Synopsis

In Juno's video calls to her therapist, the fears, desires, and hopes of her hormonal transition process permeate. As her body and voice transform, they are immersed in a corrupted video game, which she has decided to fix.

Portrait of a transition in player mode.

Director’s memories

Since I moved to Barcelona from Asturias and began my documentary film studies, my interest has always been focused on the body. With “DIYSEX” I dealt with the subject of pornography from a feminist perspective, in a context of redefining archive images. With “La Revolución de las Musas” (The Revolution of the Muses), these same colleagues and I return to talking about the body within sexual work, in a feature film with a focus on the History of Art. Now, in the present, with “I’m in love with my testo”, it is me, it is my body and the administration of a liquid hormone that occupies this short film.

Deciding to begin a hormonal transition was a long and delicate process, especially as a non-binary person. If we understand that there are explicit and implicit conduct manuals on how to be, for example, “a good woman,” the same goes for how to be “a good trans person.” Sometimes it is as difficult to escape these canons as it is to enter them, even voluntarily. Wanting to escape from the gender binary often leaves us without guides, without models. This absence can either liberate us or suffocate us, depending on our own life moment and context. In my case, it was more the latter.

The moment I was able to access it and made the decision to begin this testosterone journey, I knew I had to start recording this process. Since the end of 2020, I started recording myself while doing my online therapy sessions. It wasn't until much later that I started to understand what kind of value the material I was generating actually had.

We are very used to observing the processes of hormonal transition in a certain way. Those of us who have questioned our own gender have a whole visual image, given to us by social networks, of what a person looks like to transition, what their voice sounds like at the fifth week or how many new hairs have grown at 3 months. It is also common that, like any other content,

audiovisual media referring to the body image and, consequently, to beauty, consuming it in excess can slowly harm us. And how, if not in excess, was I going to consume these videos.

That's why, although I had this deep need to film myself, I wanted to move away from these same codes and find my own narrative. Generally, this content also comes with a strong confidence about what is being done. In fact, due to the way our world works, not having this confidence often results in catastrophic consequences for the outside world.
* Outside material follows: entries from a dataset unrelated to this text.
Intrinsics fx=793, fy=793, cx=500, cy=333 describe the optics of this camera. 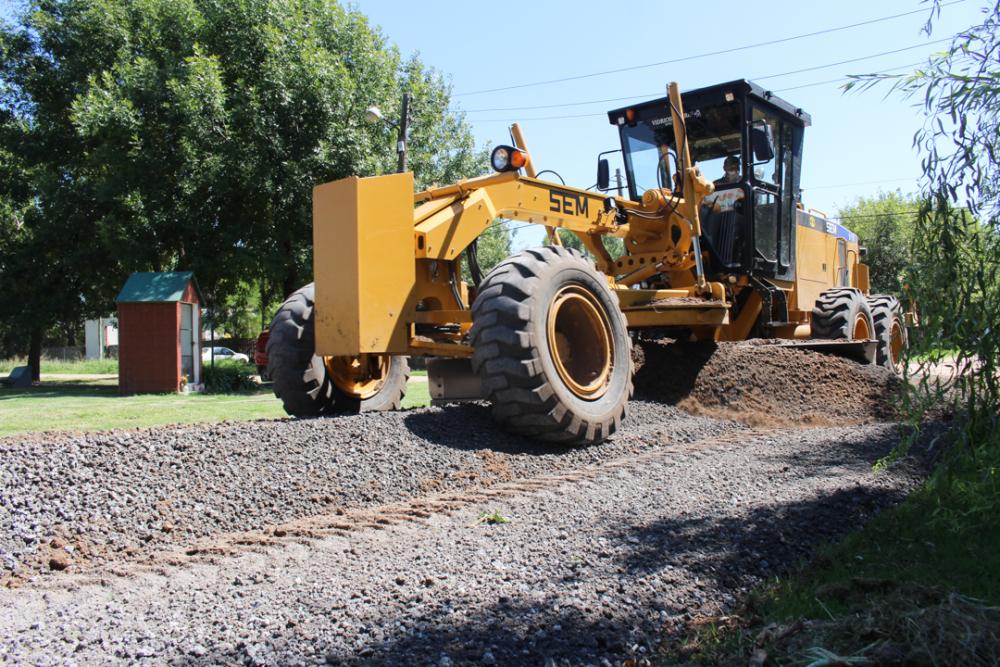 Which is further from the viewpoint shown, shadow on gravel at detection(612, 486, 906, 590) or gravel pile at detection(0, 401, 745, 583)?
gravel pile at detection(0, 401, 745, 583)

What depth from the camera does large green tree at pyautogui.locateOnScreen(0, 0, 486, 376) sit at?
745 inches

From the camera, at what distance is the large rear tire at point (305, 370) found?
272 inches

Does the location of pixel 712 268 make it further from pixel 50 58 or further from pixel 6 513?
pixel 50 58

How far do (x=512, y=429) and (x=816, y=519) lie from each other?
8.14ft

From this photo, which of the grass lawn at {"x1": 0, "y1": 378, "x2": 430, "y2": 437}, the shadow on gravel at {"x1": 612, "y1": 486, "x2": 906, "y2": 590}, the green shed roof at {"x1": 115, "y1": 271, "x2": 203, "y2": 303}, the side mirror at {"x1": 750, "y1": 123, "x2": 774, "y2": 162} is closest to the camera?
the shadow on gravel at {"x1": 612, "y1": 486, "x2": 906, "y2": 590}

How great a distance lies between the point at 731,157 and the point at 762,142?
679mm

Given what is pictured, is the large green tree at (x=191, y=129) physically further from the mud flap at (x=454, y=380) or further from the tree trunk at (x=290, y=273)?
the mud flap at (x=454, y=380)

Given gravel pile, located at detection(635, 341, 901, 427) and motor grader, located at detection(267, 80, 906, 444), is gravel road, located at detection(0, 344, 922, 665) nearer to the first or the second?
motor grader, located at detection(267, 80, 906, 444)

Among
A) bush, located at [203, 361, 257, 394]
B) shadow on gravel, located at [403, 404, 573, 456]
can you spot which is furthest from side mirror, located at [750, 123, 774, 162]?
bush, located at [203, 361, 257, 394]

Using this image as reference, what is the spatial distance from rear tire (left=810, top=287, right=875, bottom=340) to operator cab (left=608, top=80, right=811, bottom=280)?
877 millimetres

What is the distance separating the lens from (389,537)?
13.3 feet

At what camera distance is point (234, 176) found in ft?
62.1

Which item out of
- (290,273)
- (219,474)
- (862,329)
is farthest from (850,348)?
(290,273)

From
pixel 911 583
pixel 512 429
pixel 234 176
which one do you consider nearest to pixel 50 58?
pixel 234 176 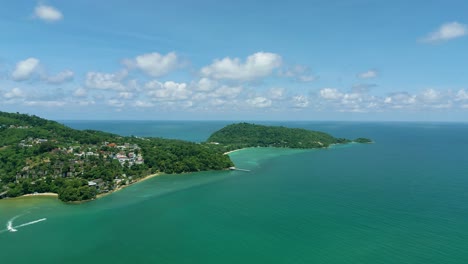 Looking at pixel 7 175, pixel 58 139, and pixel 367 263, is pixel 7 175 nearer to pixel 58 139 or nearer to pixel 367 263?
pixel 58 139

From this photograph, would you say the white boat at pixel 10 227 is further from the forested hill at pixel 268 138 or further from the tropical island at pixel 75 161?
the forested hill at pixel 268 138

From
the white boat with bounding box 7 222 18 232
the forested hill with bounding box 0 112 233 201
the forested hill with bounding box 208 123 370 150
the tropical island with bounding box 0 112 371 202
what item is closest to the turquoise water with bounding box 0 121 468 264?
the white boat with bounding box 7 222 18 232

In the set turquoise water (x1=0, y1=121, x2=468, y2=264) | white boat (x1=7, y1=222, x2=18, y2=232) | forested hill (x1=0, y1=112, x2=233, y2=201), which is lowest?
white boat (x1=7, y1=222, x2=18, y2=232)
The decision to start taking hormones was not the only difficult moment for me. During the process itself, testosterone would continue to be a substance whose side effects (physical and social) often made my heart ache.

In his book “Testo yonqui”, Preciado tells us how the relationship with testosterone varies within a medical protocol, where “changing sex must be decided only once and definitively; it must involve a single decision”. The value of this project lies precisely in the opposite of what has historically been required by the State. It lies in the indecision, the fear, but also in the desire to do it despite it, in showing oneself vulnerable and confused, but full of eagerness to continue and to form one’s own unique relationship with this liquid substance.

With this documentary I am not trying to give answers or definitions. I am looking to accompany those who, whether or not they have dared to walk along these gender boundaries, need a helping hand in the face of uncertainty.